然而,无论我查询的是 1 条记录(未嵌套的 48,000 长度数组)还是整个数据集(10,000 条记录,未嵌套的数组总长度为 514,048,748),它似乎都是完全相同的值!
因此,我的表对一条记录查询的结果
SELECT test_id, value
FROM <my_table_reference>, unnest(TimeSeries)timeseries
WHERE test_id= "T0003" and SignalName = "Distance";
如下所示:
test_id | value |
---|---|
T0003 | 1.0 |
T0003 | 2.0 |
T0003 | 3.0 |
T0003 | 4.0 |
(48000 rows)
这将一直持续到 1 条记录的 value (Distance) = 48000m (48000 rows): WHERE = ='T0003
。
总进程为3.84GB
对于整个表(约10,000条记录):
SELECT test_id, value
FROM <my_table_reference>, unnest(TimeSeries)timeseries
WHERE SignalName = "Distance";
如下所示:
test_id | value |
---|---|
T0001 | 1.0 |
T0001 | 2.0 |
T0001 | 3.0 |
T0001 | 4.0 |
(514,048,748行)
总进程为3.84GB >
为什么两个查询的进程大小相同以及如何优化它奇异行提取?
I'm trying to optimise my query for when an internal customer only want to return one result *(and it's associated nested dataset). My aim is to reduce the query process size.

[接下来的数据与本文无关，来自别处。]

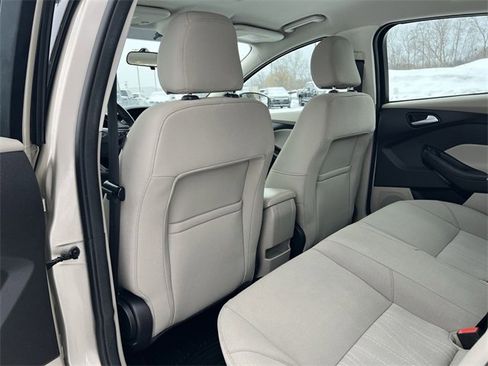 Used 2017 Ford Focus SE w/ Cold Weather Package image 16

However, it appears to be the exact same value regardless of whether I'm querying for 1 record (with unnested 48,000 length array) or the whole dataset (10,000 records with unnest total 514,048,748 in total length of arrays)!
So my table results for one record query:
SELECT test_id, value
FROM <my_table_reference>, unnest(TimeSeries)timeseries
WHERE test_id= "T0003" and SignalName = "Distance";
looks like this:
test_id | value |
---|---|
T0003 | 1.0 |
T0003 | 2.0 |
T0003 | 3.0 |
T0003 | 4.0 |
(48000 rows)
This will continue until value (Distance) = 48000m (48000 rows) for 1 record: WHERE == 'T0003
.
Total process was 3.84GB
For whole table (~10,000 records):
SELECT test_id, value
FROM <my_table_reference>, unnest(TimeSeries)timeseries
WHERE SignalName = "Distance";
looks like this:
test_id | value |
---|---|
T0001 | 1.0 |
T0001 | 2.0 |
T0001 | 3.0 |
T0001 | 4.0 |
(514,048,748 rows)
Total process was 3.84GB
Why are the process size the same for both queries and how can I optimise this for singular row extractions?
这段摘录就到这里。